Graphical Linear Algebra - guerrilla
https://graphicallinearalgebra.net/
======
spekcular
The short version appears to be that the author has managed to replace
standard linear algebra notation with an alternative (but mathematically
equivalent) graphical notation, which is harder to do computations and write
programs in.

This submission is the latest in a trend of what I would classify as "math-
lite" category theory and Haskell articles that reach the HN front page, which
purport to explain something interesting but end up just rehashing standard
mathematics in opaque ways.

I really wish this would stop. Fortunately (unfortunately?) I've been down
this road a few times and know to avoid getting sucked in, but I can easily
see a bright, curious person wasting a lot of time before realizing that the
content is merely linguistic, not mathematical.

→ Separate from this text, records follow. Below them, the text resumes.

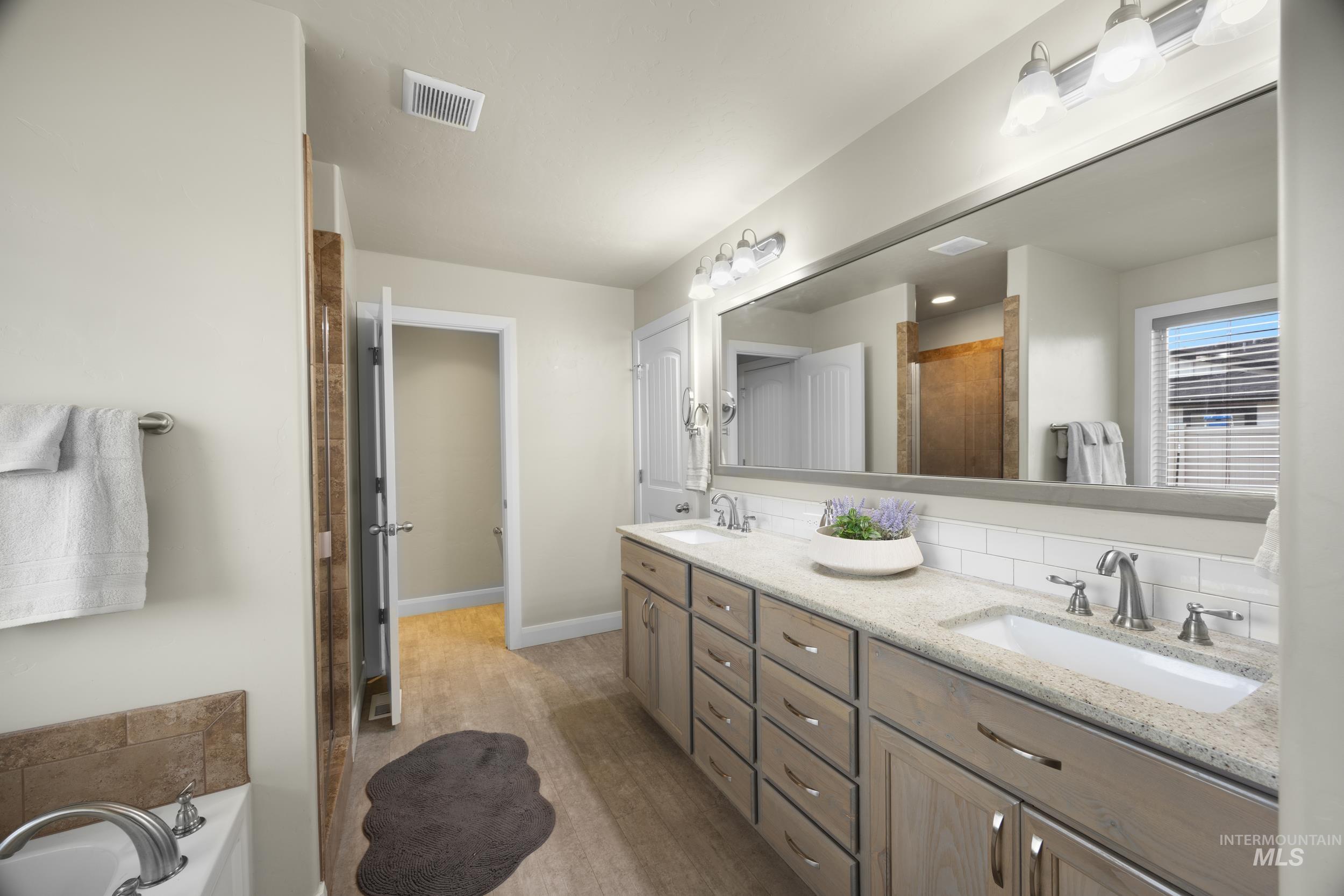 Full bathroom with double vanity, a shower stall, a bath.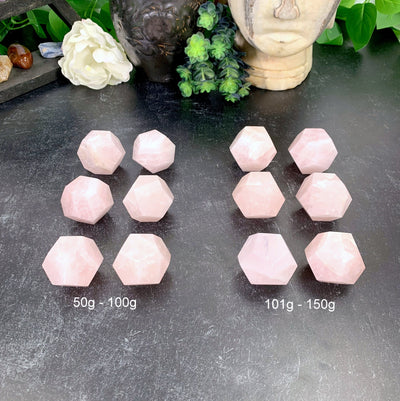 2 groups of Rose Quartz Dodecahedrons, 1 50-100g the other 101-150g, with decorations in the background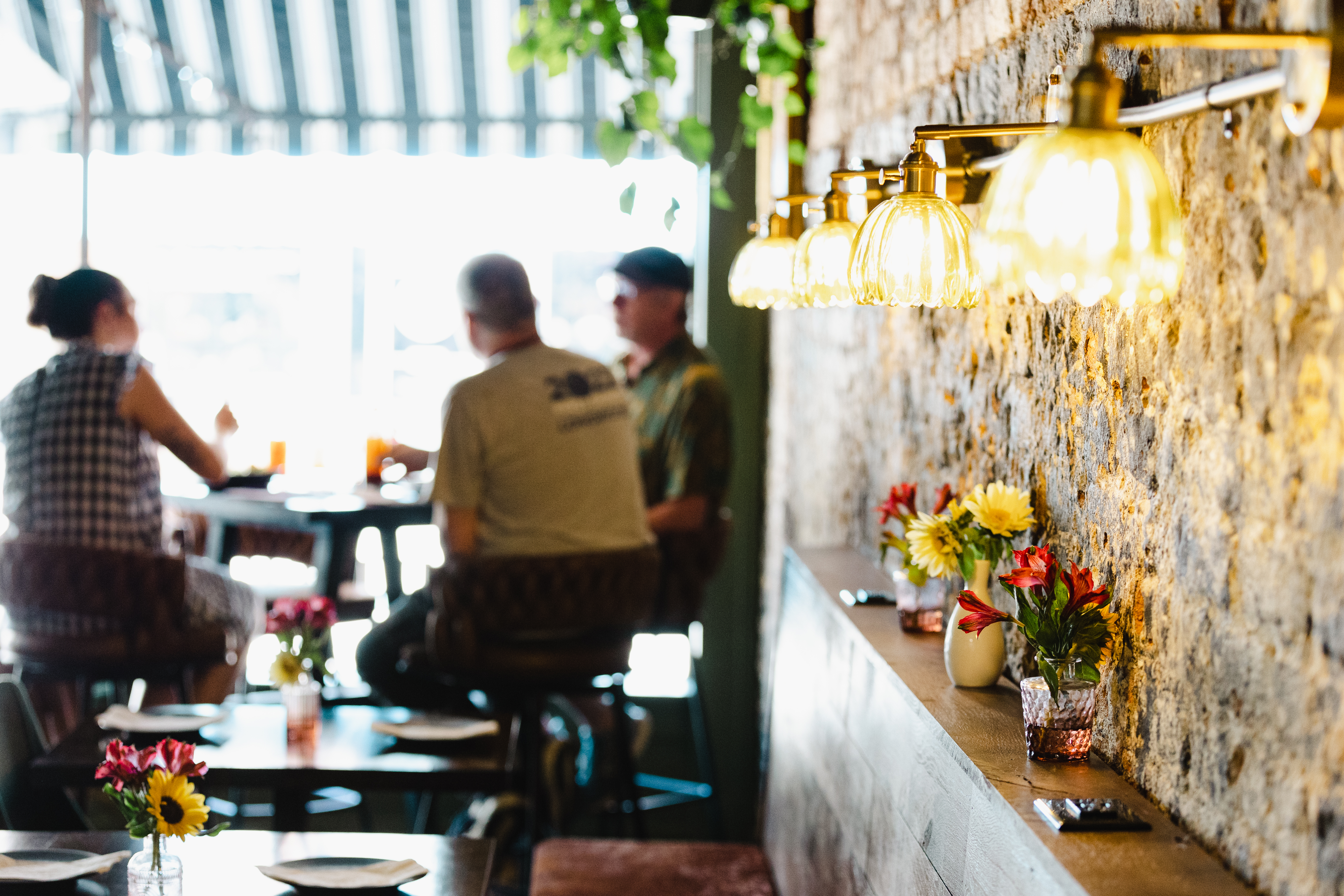 Diners inside The Fox and the Lamb - Warm pendant lights glow along a brick wall inside a restaurant. Small vases of colorful flowers line a narrow ledge beside the wall. Diners sit at tables near a bright front window with a striped awning. The scene is softly focused, emphasizing the cozy interior ambiance.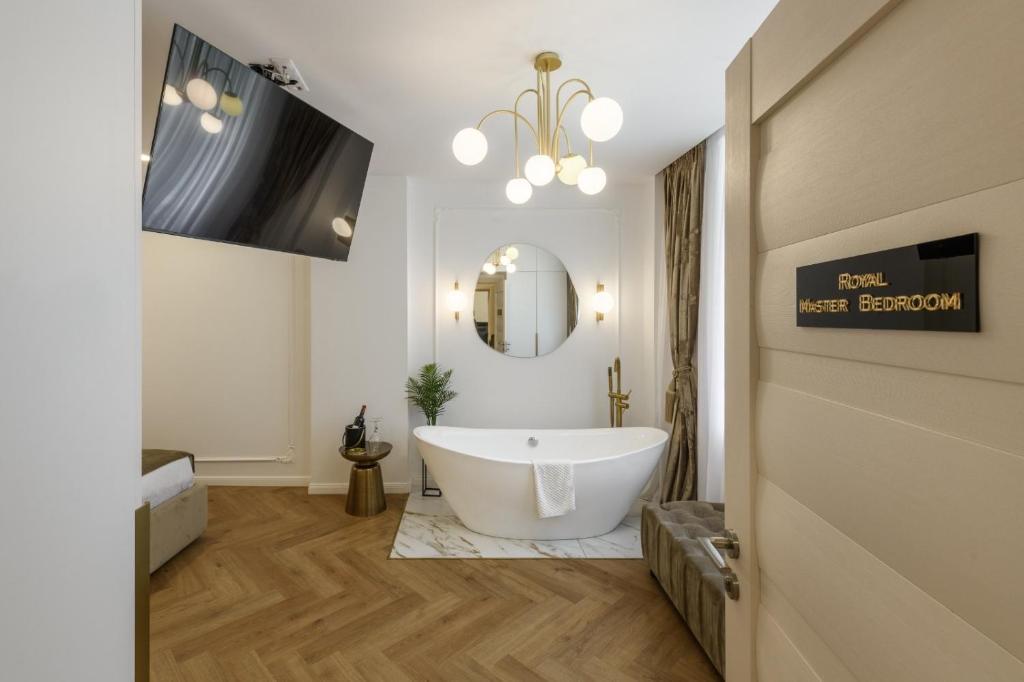 a bathroom with a large tub and a mirror at Eden Central Boutique Suites - Garden & Spacious Apartments in Cluj-Napoca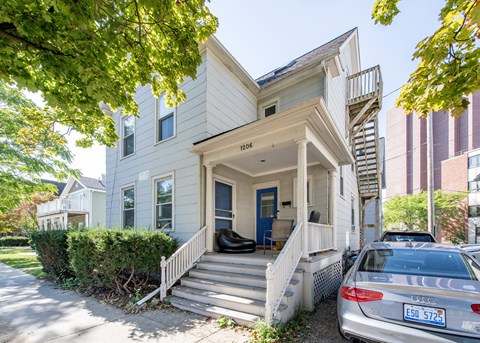 A silver car is parked in front of a two-story house.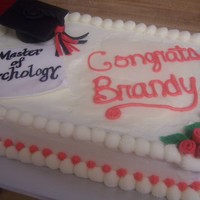 Graduation Cake This was done for a lady who finally finished school with a degree in psychology. Cap, degree and roses all done in fondant with...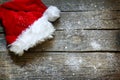 Santa Claus hat on vintage wooden boards christmas background Royalty Free Stock Photo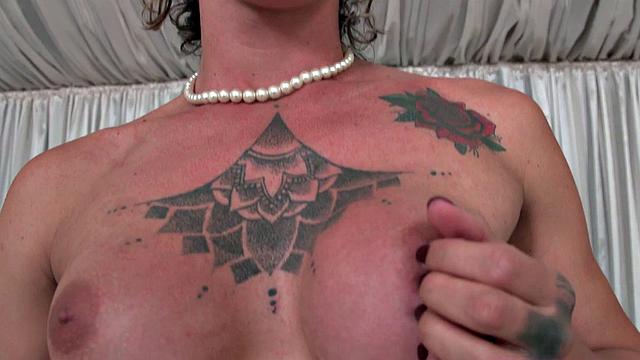 A tattooed babe smoke while tugging on a big cock in solo play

Is (for example) category theory a useful organizational tool in certain
abstract branches of mathematics? Sure (those branches being, basically,
algebraic topology and algebraic geometry). Is it a grand unified theory of
math? No, it's just some useful vocabulary. Most mathematicians go their
entire lives without writing a paper mentioning categories. Getting excited
about category theory is like getting excited about matrix notation – useful,
sure, but not where the meat is.

I also find any claims that category theory is relevant to the average working
programmer to be dubious at best.

(And yes, I realize the graphical notation presented in this article is not
category theory. I am making a broader point about certain kinds of articles I
see, which also applies here.)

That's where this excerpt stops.